_Task description_
Return the stretch from the line with "0.17 Acres of" through the line with "Building Photo - 1327 Cedar St" in the data below, character for character, skipping all pictures.

_Material provided_

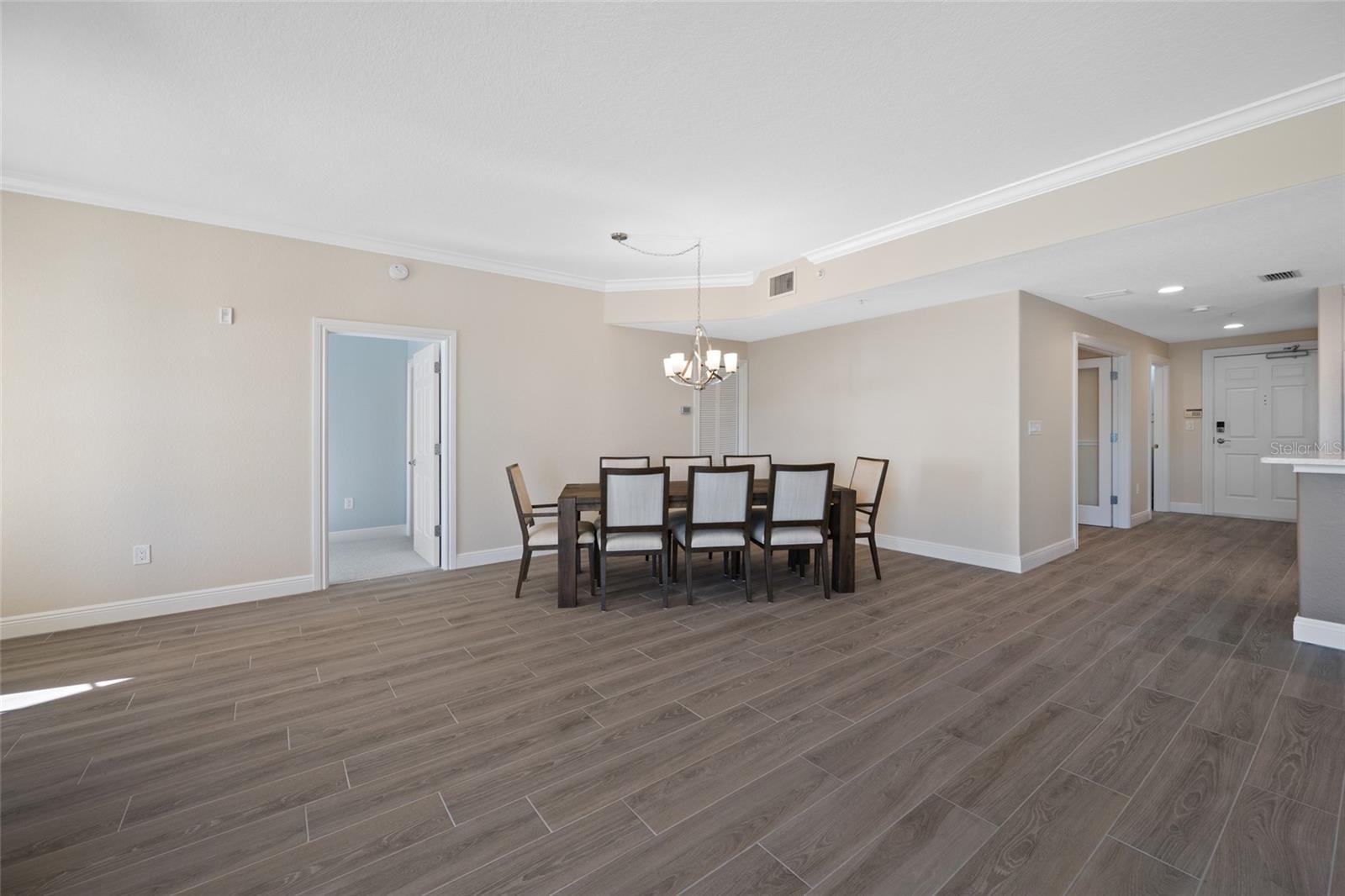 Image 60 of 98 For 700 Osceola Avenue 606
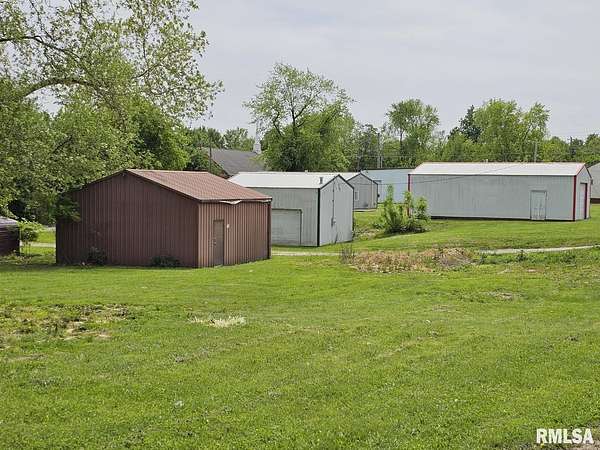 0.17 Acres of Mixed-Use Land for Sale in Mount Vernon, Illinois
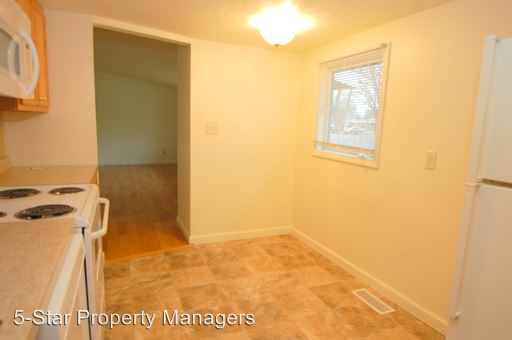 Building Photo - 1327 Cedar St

---

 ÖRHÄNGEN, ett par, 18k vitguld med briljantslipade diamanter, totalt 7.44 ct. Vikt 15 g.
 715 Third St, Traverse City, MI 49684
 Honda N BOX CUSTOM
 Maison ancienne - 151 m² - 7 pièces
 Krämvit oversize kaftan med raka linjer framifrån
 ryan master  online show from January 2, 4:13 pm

---

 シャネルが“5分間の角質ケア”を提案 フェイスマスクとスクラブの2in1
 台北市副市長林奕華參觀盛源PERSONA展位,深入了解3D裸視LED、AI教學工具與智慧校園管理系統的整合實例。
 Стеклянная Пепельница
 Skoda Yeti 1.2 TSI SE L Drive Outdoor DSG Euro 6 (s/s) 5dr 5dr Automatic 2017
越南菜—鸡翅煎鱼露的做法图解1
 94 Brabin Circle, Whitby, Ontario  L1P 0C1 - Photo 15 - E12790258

_Response area_
 0.17 Acres of Mixed-Use Land for Sale in Mount Vernon, Illinois
 Building Photo - 1327 Cedar St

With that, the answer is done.